The Very Best of Soft Cell is a greatest hits album by English synth-pop duo Soft Cell. It was released on 16 April 2002 by Mercury Records, Universal Music TV and Some Bizzare Records. The album includes most of the duo's singles, as well as B-sides, such as "Insecure Me" (in a newly edited version) and "It's a Mug's Game". The song "Numbers" was considerably shortened for this release, while its AA side "Barriers" was omitted. Two new songs, "Somebody, Somewhere, Sometime" and "Divided Soul", and two brand-new remixes of "Tainted Love" and "Say Hello, Wave Goodbye" were also included.
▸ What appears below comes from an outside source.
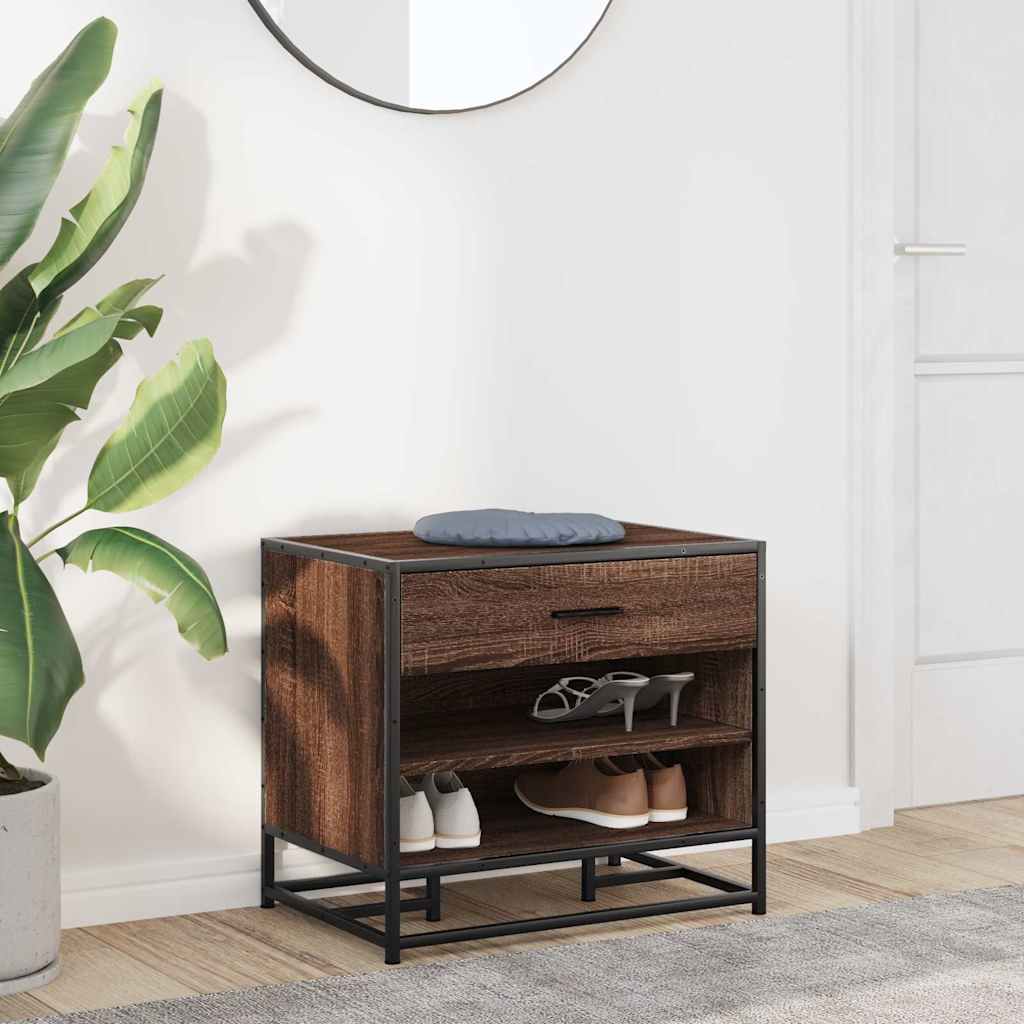 Brown Oak Shoe Bench 60x40x53.5 cm | Engineered Wood & Metal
The album reached number 37 on the UK Albums Chart.

Professional ratings
Review scores
| Source | Rating |
| AllMusic | Star Half star |

==Track listing==

| No. | Title | Writer(s) | Length |
|---|---|---|---|
| 1. | "Memorabilia" |  | 4:51 |
| 2. | "Tainted Love" (7″ version) | Edward B. Cobb | 2:42 |
| 3. | "Where Did Our Love Go?" | Edward Holland Jr.; Brian Holland; Lamont Dozier; | 3:11 |
| 4. | "Bedsitter" (7″ version) |  | 3:39 |
| 5. | "Say Hello, Wave Goodbye" |  | 5:27 |
| 6. | "Sex Dwarf" |  | 5:18 |
| 7. | "Torch" |  | 4:09 |
| 8. | "Insecure Me" (2002 edit) |  | 3:13 |
| 9. | "What?" | H.B. Barnum | 4:35 |
| 10. | "Where the Heart Is" |  | 4:35 |
| 11. | "It's a Mugs Game" (7″ version) |  | 5:27 |
| 12. | "Numbers" (2002 edit) |  | 3:34 |
| 13. | "Loving You Hating Me" (remix) |  | 4:31 |
| 14. | "Soul Inside" |  | 4:31 |
| 15. | "Down in the Subway" | Jack Hammer | 3:28 |
| 16. | "Somebody, Somewhere, Sometime" |  | 4:11 |
| 17. | "Divided Soul" | Almond; Ball; Ingo Vauk; | 4:05 |
| 18. | "Tainted Love" (2XS remix; 2002 remix) | Cobb | 3:19 |
| 19. | "Say Hello, Wave Goodbye" (Almighty radio edit; 2002 remix) |  | 4:33 |

==Personnel==
Credits adapted from the liner notes of The Very Best of Soft Cell.

===Soft Cell===
- Marc Almond – vocals, percussion
- David James Ball – synthesisers, guitars

===Technical===

- Daniel Miller – production (track 1)
- Mike Thorne – production (tracks 2–13, 18, 19)
- Soft Cell – production (track 12, 14, 15)
- David James Ball – production (track 16, 17); remix (track 12)
- Ingo Vauk – production (track 16, 17)
- Paul Hardiman – engineering (track 2)
- Flood – remix assistance (track 12)
- Damien Mendis – remix production, remix performance (track 18)
- Stuart Bradbury – remix production, remix performance (track 18)
- Almighty Associates – remix (track 19)

===Artwork===
- Peter Ashworth – all band photography
- Peacock – design
- Stephen Dalton – sleeve notes

==Charts==

| Chart (2002) | Peak position |
|---|---|
| Scottish Albums (Official Charts) | 63 |
| UK Albums (Official Charts) | 37 |

==Certifications==

| Region | Certification | Certified units/sales |
| United Kingdom (BPI) | Gold | 100,000^{‡} |
^{‡} Sales+streaming figures based on certification alone.